V&VN: minder geld voor digitalisering

In tegenstelling tot de eerder uitgesproken ambitie van het kabinet, komt er de komende jaren minder geld voor digitalisering en preventie in de zorg, ziet brancheorganisatie V&VN (verplegenden & verzorgenden) met grote bezorgdheid. "Het motto van dit kabinet is ‘Hoop, lef en trots’. Lef is investeren in verpleegkundigen en verzorgenden", stelt V&VN-voorzitter Bianca Buurman. "Dat is cruciaal om goede zorg te blijven bieden."

Waar in Den Haag eerder juist de nadruk werd gelegd op anders werken met meer technologie in de zorg, vanwege onder andere personeelstekort, wordt er de komende vijf jaar ruim een half miljard bezuinigd op digitalisering in de wijkverpleging, verpleeghuiszorg en gehandicaptenzorg. Buurman hierover: "De nieuwe digitale manier van werken vraagt veel van verpleegkundigen, verzorgenden en verpleegkundig specialisten. Ze moeten nieuwe vaardigheden aanleren. Dit vraagt om investeren in plaats van bezuinigen."

Buurman uit verder zorgen over bezuinigingen op gebieden zoals preventie - 300 miljoen euro de komende jaren in de publieke gezondheidszorg. "Als we minder investeren in preventie, zullen de gezondheidsverschillen en de druk op de zorg toenemen. En als het gaat om gezondheidsbevordering wordt er op meerdere punten bezuinigd, zoals op gezonde leefstijl. Van 26 miljoen in 2024 naar 14 miljoen in 2029."

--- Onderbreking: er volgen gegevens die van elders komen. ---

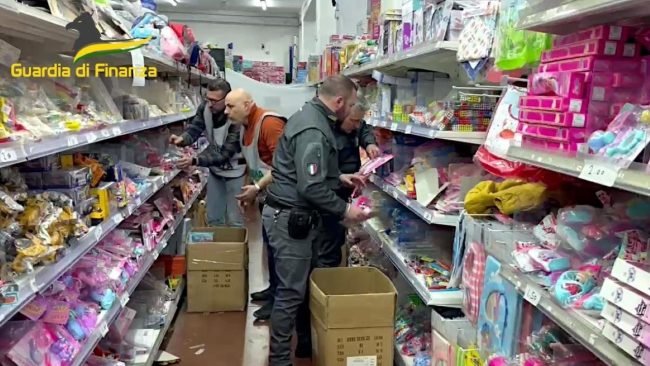 Sequestro di 400mila giocattoli a Biancavilla: frode e contraffazione nel commercio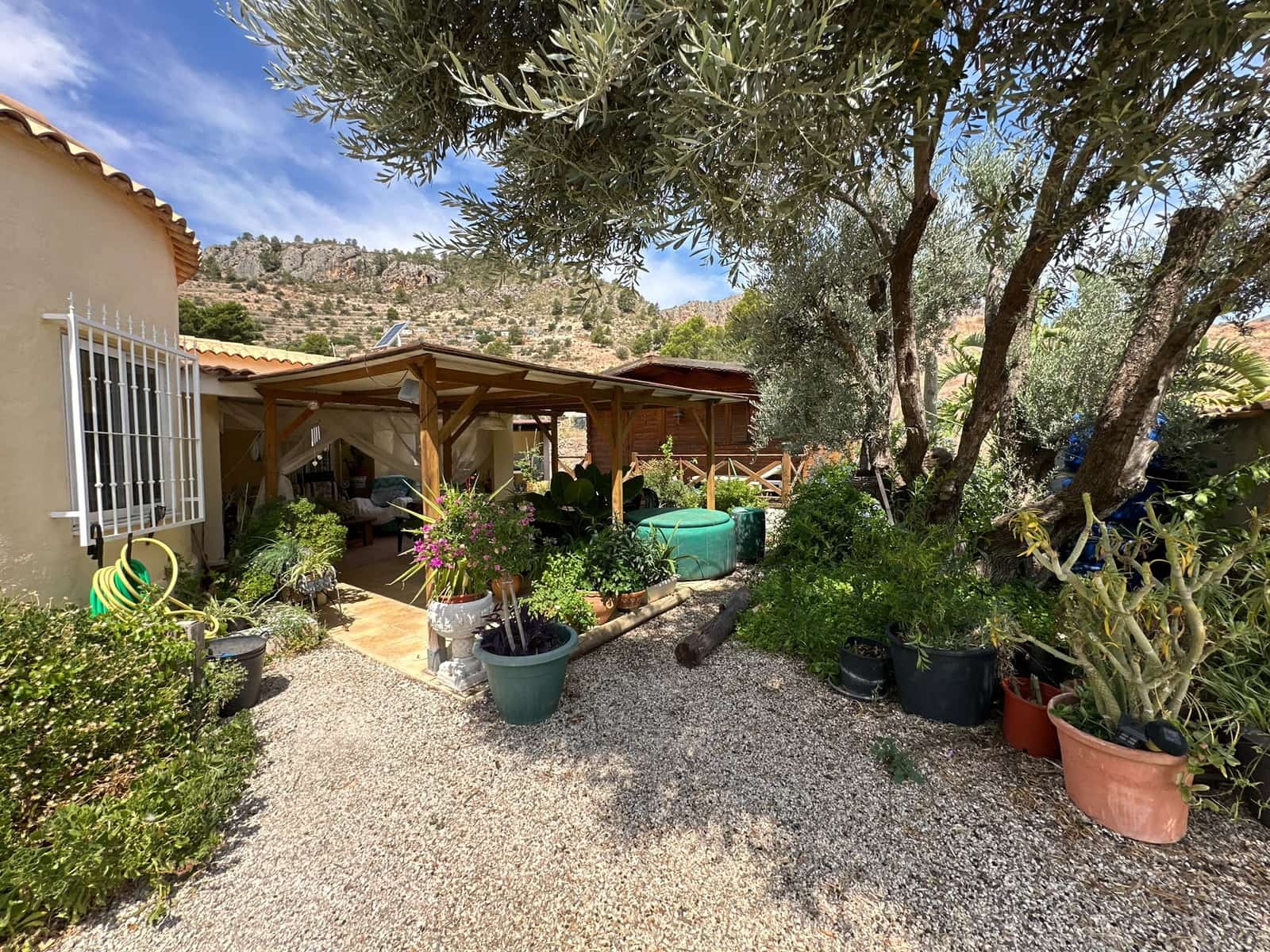 2 soveværelse Finca/Landehus til salg i Orxeta med swimmingpool garage - € 785.000 (Ref: 9958491)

Minder geld voor arbeidsmarktbeleid

Ook is er teleurstelling omdat de in het regeerakkoord vermelde aanpak van het personeelstekort in de zorg als speerpunt niet waargemaakt zou worden. Weliswaar is er vanaf 2025 structureel 60 miljoen beschikbaar voor het opleiden van zorgprofessionals in de wijkverpleging en eenmalig 38 miljoen euro in 2025 voor opleidingsplekken voor verpleegkundig specialisten. "Maar als we kijken naar het totale arbeidsmarktbeleid zien we dat er fors minder geld wordt vrijgemaakt", schetst Buurman. "Van 705 miljoen in 2024 naar 527 miljoen in 2029."

Positief tot slot vindt Buurman het voornemen van het kabinet om regeldruk en administratieve lasten voor zorgprofessionals aan te pakken. Ook lijkt zorg-minister Agema van plan te zijn om echt te investeren in het anders aanpakken van de ook door Actiz al genoemde complexiteit van regels in de ouderenzorg.

VGN: klap in het gezicht

De Vereniging Gehandicaptenzorg Nederland (VGN) vindt dat het kabinet in de Troonrede en de Miljoenennota de plank misslaat. Net als eerder in het hoofdlijnenakkoord en regeerprogramma is er nauwelijks aandacht voor de ruim twee miljoen mensen met een beperking en de stappen die nodig zijn om hen betekenisvol te laten meedoen in de samenleving.

VGN-directeur Theo van Uum spreekt over een 'klap in het gezicht' van de gehandicaptenzorg. "Om mensen met een beperking echt mee te laten doen in de samenleving en te voldoen aan het VN-verdrag Handicap, zijn maatregelen op allerlei beleidsterreinen nodig', stelt Van Uum. 'Er is sprake van een inclusie-crisis. Een integrale visie hierop hoort onderdeel te zijn van een Regeerprogramma én de Troonrede."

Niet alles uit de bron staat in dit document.